L’apostolo in Arabia, Siria e Gerusalemme   di: p. Fabrizio Tosolini, sx 

  Pensiamo di sapere quasi tutto della vita e dell’azione missionaria di Paolo. In realtà non è così: ci sono dei periodi di cui non sappiamo quasi niente. Tra questi, il tempo che segue la conversione di Paolo fino al suo ritorno a Tarso (tra il 33 e il 38), e poi la sua presenza ad Antiochia fino a circa il 46, quando ha intrapreso il suo primo viaggio missionario. Un periodo « oscuro » di circa 13 anni.
Paolo ci informa che dopo la conversione egli va in Arabia, poi torna a Damasco (Gal 1,17-18). Dove si trova l’Arabia di cui parla? A quel tempo si chiamava « Arabia » un territorio molto vasto, difficile da definire: una regione a sud della fortezza di Macheronte, abitata dai nabatei, e con capitale Petra. C’era tensione tra questa popolazione e i giudei della Palestina.
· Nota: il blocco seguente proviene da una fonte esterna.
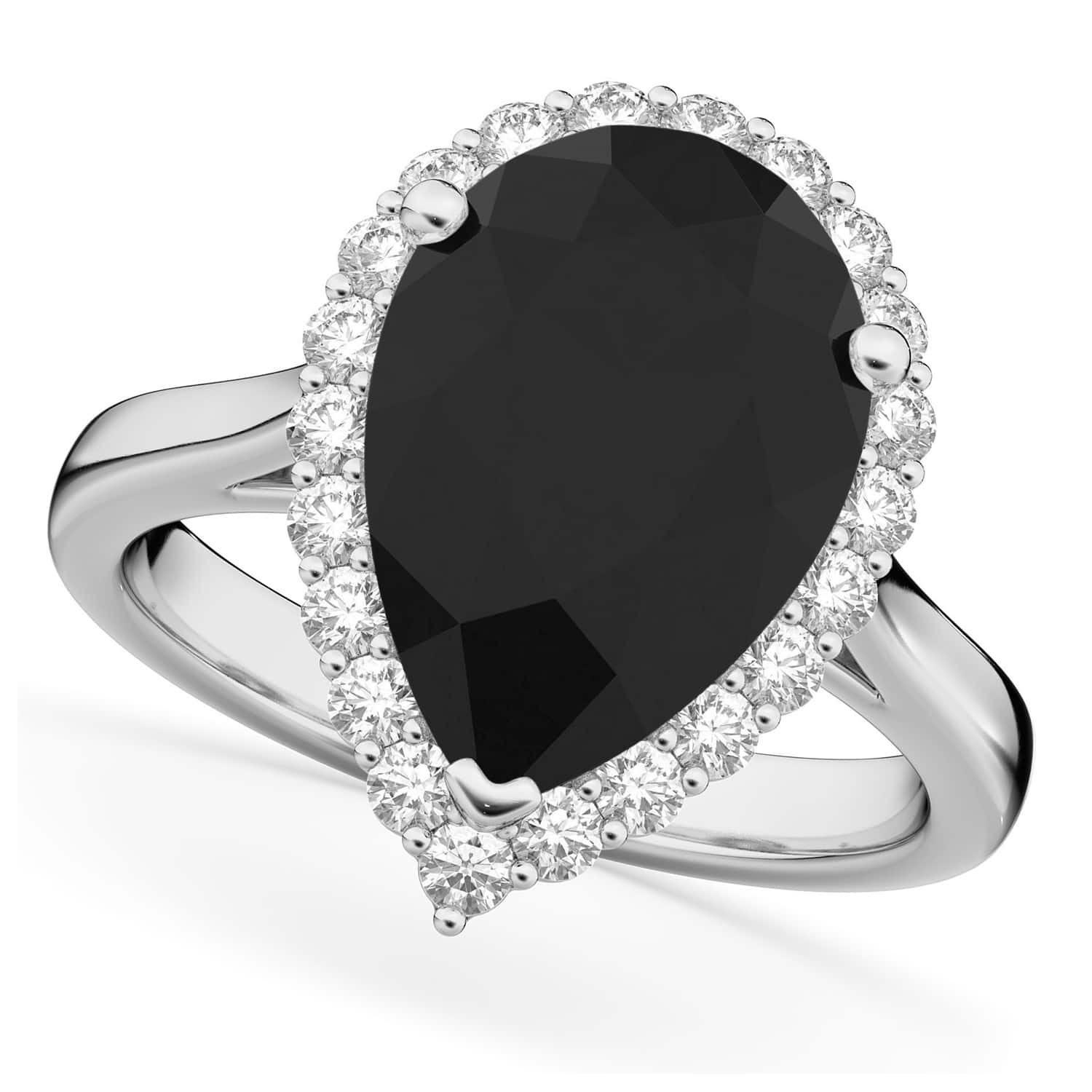 Pear Black Diamond & Diamond Engagement Ring 14K White Gold (4.69ct)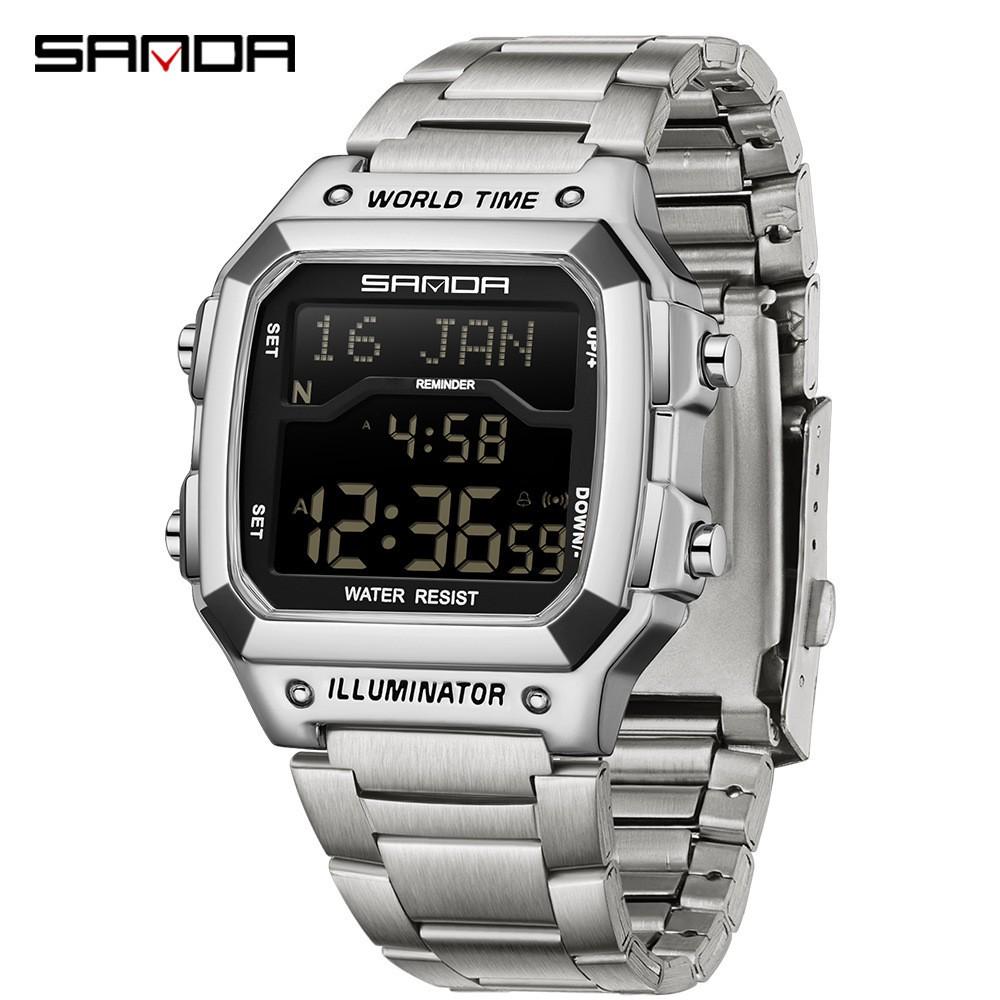 SANDA Men s Waterproof Multi-Function Electronic Watch with Bookmark Display and Alarm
In Arabia Paolo non vive come un eremita: sembra invece che abbia subito cominciato ad evangelizzare. Dove, in quali ambienti e occasioni, a chi, in che lingua, cosa ha detto…, di tutto questo non sappiamo niente. 

Paolo lavora. È fabbricante di tende, come ci racconta Luca (At 18,3). Dovunque c’è bisogno di tende: tende di lino leggero per ripararsi dal sole nei mercati e nelle case; tende di lino pesante o di cuoio, per ripararsi dalla pioggia; senza contare le vele per barche e navi, e tutte le riparazioni necessarie su oggetti di cuoio, dalle calzature ai finimenti degli animali.

A Paolo occorrono pochi arnesi, leggeri e facili da trasportare: un coltello a mezzaluna, aghi e filo cerato, una lesina. Può trovare lavoro in ogni città, su ogni strada, nei porti o sulle navi. Mentre lavora può parlare con chi lo avvicina, nel negozio; se viene impiegato da un datore di lavoro o al mercato, attendendo i clienti.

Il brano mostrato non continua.